Over the three decades my communications and sales marketing consulting firm has been working with both alternative strategy money management firms and independent RIA wealth management firms as clients we have seen firsthand, time and again, what the occasional surveys of RIAs state.
There are some RIA wealth management firms (unfortunately, you cannot buy a list of them) that want to bring non-core investment recommendations to HNW and UHNW clients that have different characteristics than their core portfolio holdings.To win their allocation, justify why you
These RIA firms appreciate the potential upsides of allocating to such alternative strategies — uncorrelated returns to provide diversification and a hedge against core equity and fixed income holdings, and to enhance a portfolio’s total returns. However, there is a client-facing challenge for the RIAs: they need to be able to effectively communicate why, beyond a money manager’s past performance record, they are recommending that manager’s particular strategy. Note I said strategy — which is how the manager or firm invests — not investment type, which are asset allocation categories such as domestic small cap equity, long/short, event driven, distressed debt, PE and managed futures.

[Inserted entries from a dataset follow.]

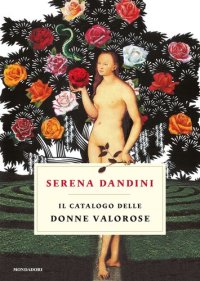 cover of the book Il catalogo delle donne valorose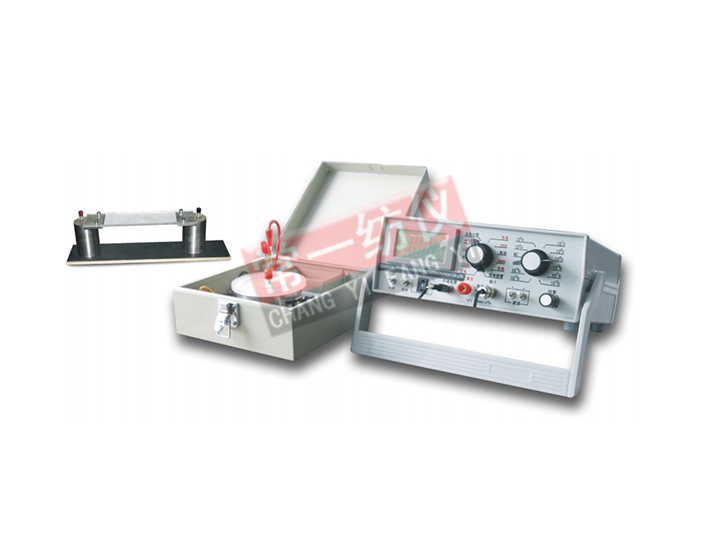 YG406 Fabric Resistivity Tester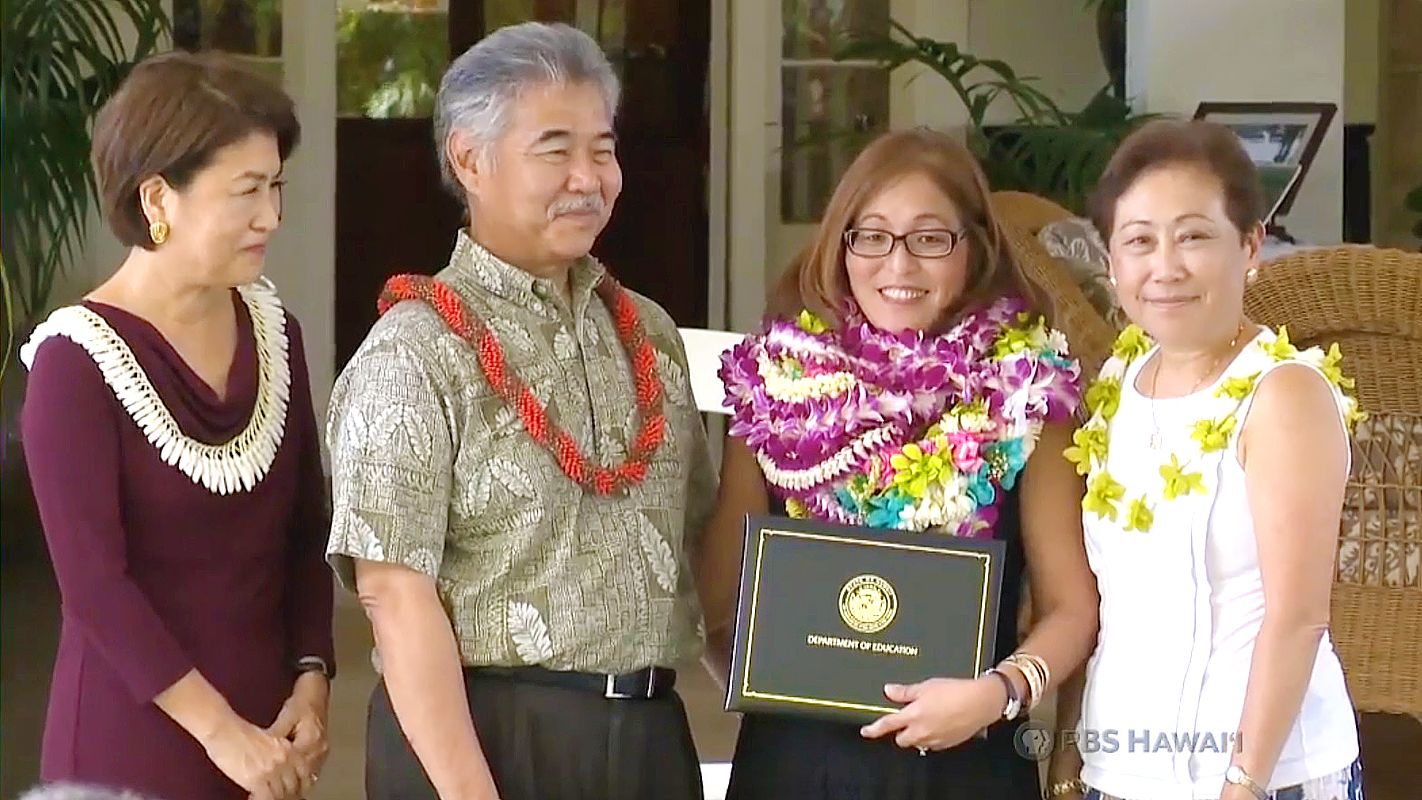 HIKI NŌ <br/>Episode #808 – Teachers of the Year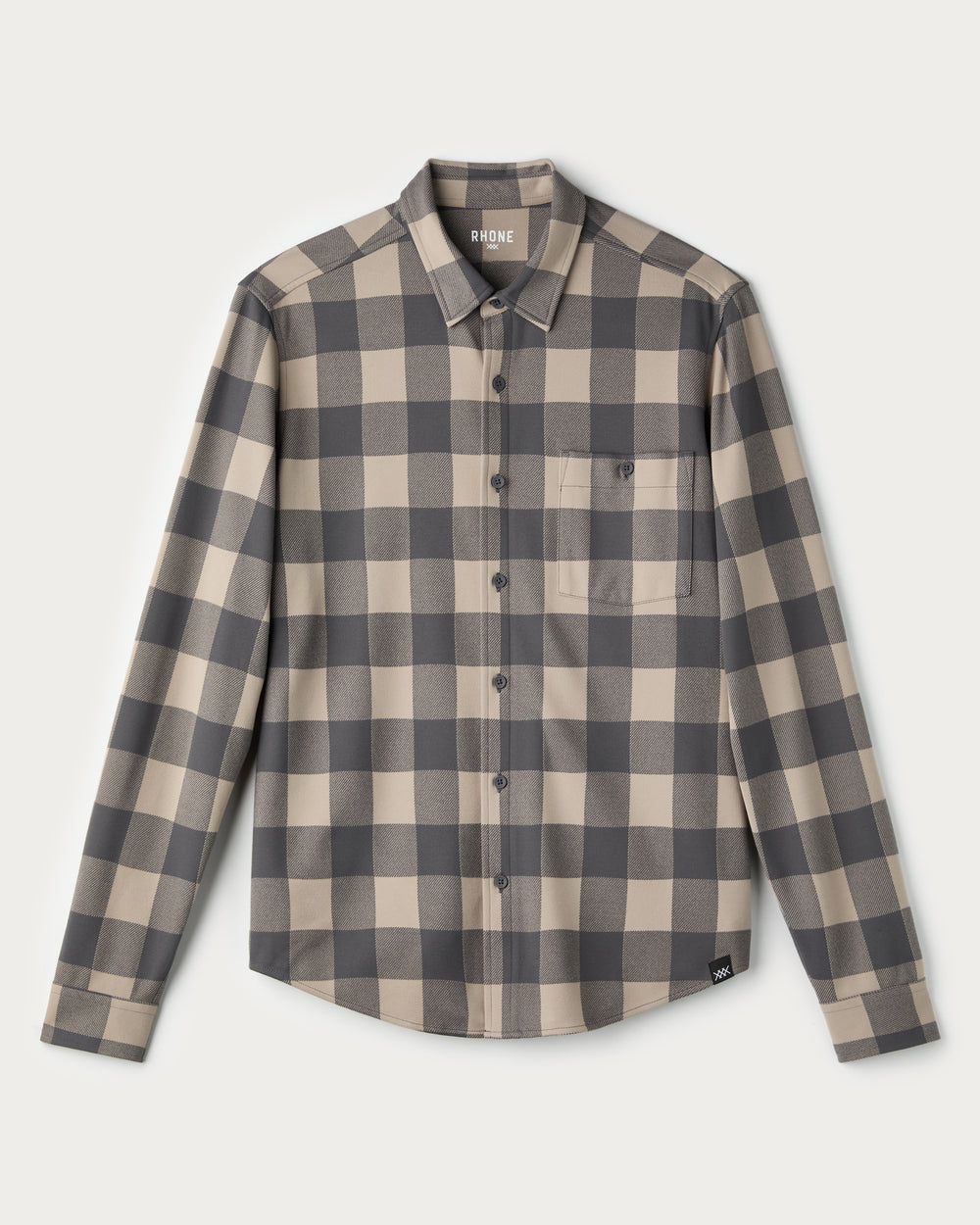 Hardy Flannel - US 1207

So, many RIAs have vented frustration at not being given, by the money management firms pitching them, both the information the RIAs need to do more than just a cursory due diligence skim about an investment strategy on offer, and the appropriate content they require to retell to their own clients why they are asking for authorization to allocate to a particular money manager. Make this too big of a hassle and RIAs will pass you by and favor a competitor who makes their life easier.
Consider this: part of the management fee an RIA firm client pays is for the RIA to make asset allocation recommendations and part of the fee is paid for the RIA to conduct the due diligence on prospective portfolio managers and their strategies. To earn the fee for due diligence and manager selection, the RIA must be able to communicate to its clients how the portfolio manager invests and why they buy into that approach.

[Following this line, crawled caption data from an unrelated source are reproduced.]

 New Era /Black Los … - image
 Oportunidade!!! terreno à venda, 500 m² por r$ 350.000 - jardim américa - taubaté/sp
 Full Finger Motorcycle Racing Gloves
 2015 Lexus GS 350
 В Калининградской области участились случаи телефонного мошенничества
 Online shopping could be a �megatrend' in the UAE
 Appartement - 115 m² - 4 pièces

Justifying the advised allocation to a specific money manager’s strategy both helps communicate how the RIA is acting on a fiduciary basis in making the recommendation and teaches the RIA firm client what he or she needs to know to appreciate the potential added value of the particular money manager and investment strategy their RIA is asking permission to allocate to.How to justify why you
This leads us to meeting your investment boutique’s double marketing challenge in pursuing RIA firms as clients. First, you need to sell the RIAs on how you invest. This is step one where they are conducting their due diligence on your firm, portfolio manager and the strategy on offer. Then, you need to equip them with the content they will need in order to educate and persuade their own clients to understand and buy into their RIA firm’s recommendation to make an allocation to you. To do this you need to deliver content that provides a script the RIA can use to retell your firm’s story in a compelling way and without messing it up.

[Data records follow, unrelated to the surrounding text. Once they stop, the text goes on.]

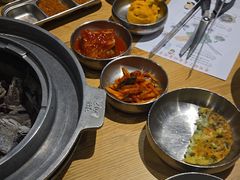 -姜虎东白丁烤肉(深圳湾后海汇店)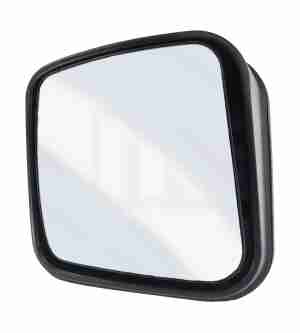 Mirror small (LH) DAF LF - Volvo FE 1735522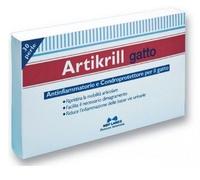 Mangime complementare NBF Lanes Artikrill gatto 30 Perle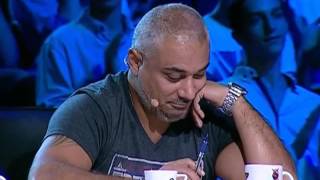 Dziwny Jest Ten Świat Czesława Niemena W Ormiańskim X-Factor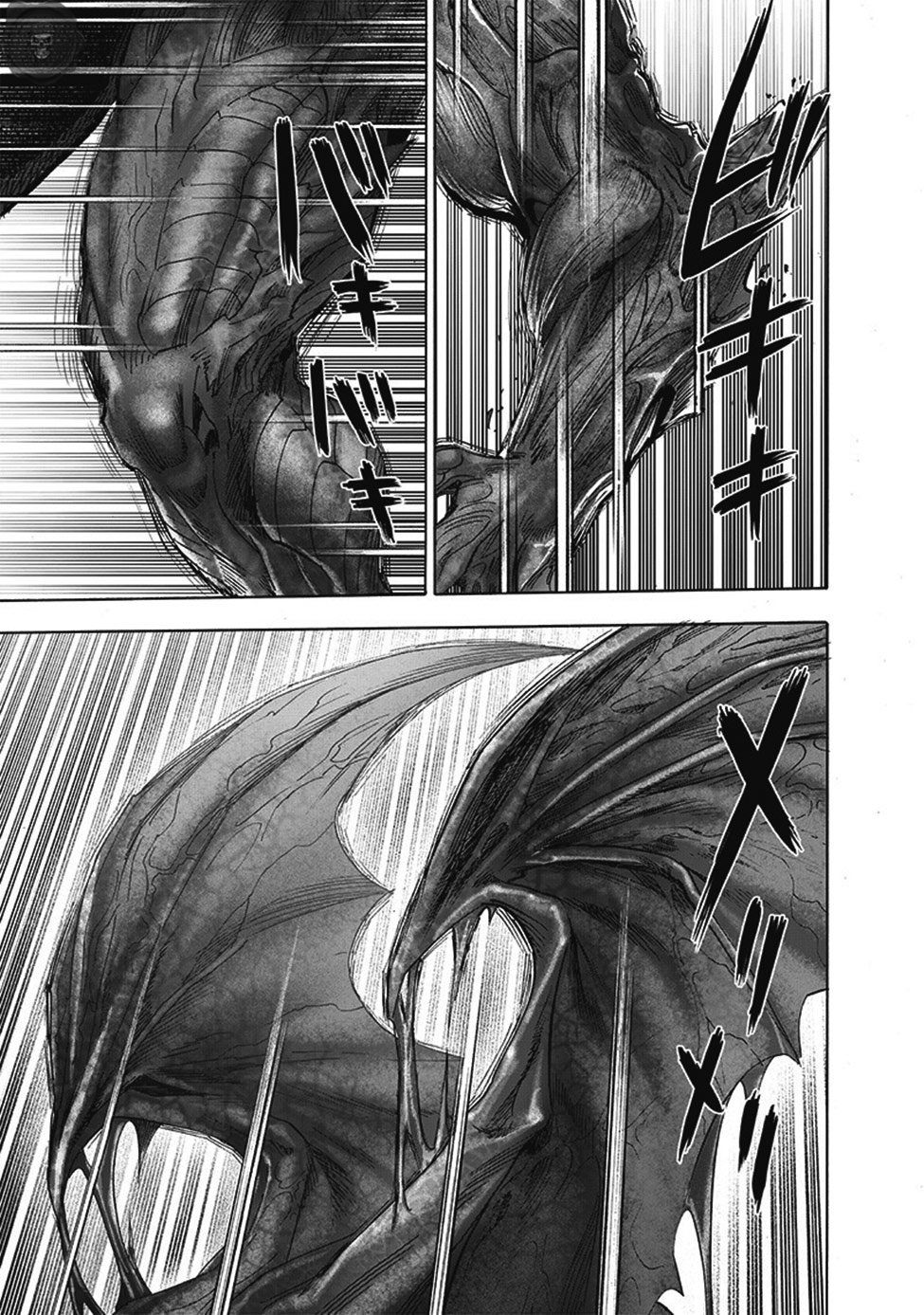 Read Tek Yumruk TR Manga Online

Data on performance and risk characteristics do not provide enough information for selecting and recommending one money manager over another. That content delivered in performance tear sheet or flipchart marketing collateral is used by the RIAs only to create a short list of money managers and strategies to consider.
The additional content they look for is what my firm refers to as the Story Of How. How does your firm think? Specifically, what are your investment beliefs and what is the process you follow to assemble and manage your basket of holdings? This is what differentiates one money manager from another, and when your firm becomes known for these things it will have established a brand identity. Achieving this requires figuring out how to deliver this information in a cogent, compelling and linear storyline. This is important because people can best recall a story that has a defined beginning, middle and end. And this is what the RIAs need to educate and persuade their clients that their recommendation to allocate to your strategy is sound.
Your firm’s Story Of How content cannot fit into a flipchart because it is paragraph based content detail, not abbreviated bullet point text. So, it belongs in a brochure format marketing document. This important piece of marketing collateral will help your money management firm meet your double marketing challenge. Its content will constitute the majority of what your firm should communicate verbally in its first meeting with a prospective RIA allocator. In its written form it answers in writing the majority of what would be their subjective-based due diligence questions. Also, as importantly, it provides the RIAs with a script to use when recounting to their clients why they believe making an allocation to your strategy is a good, and defensible, decision.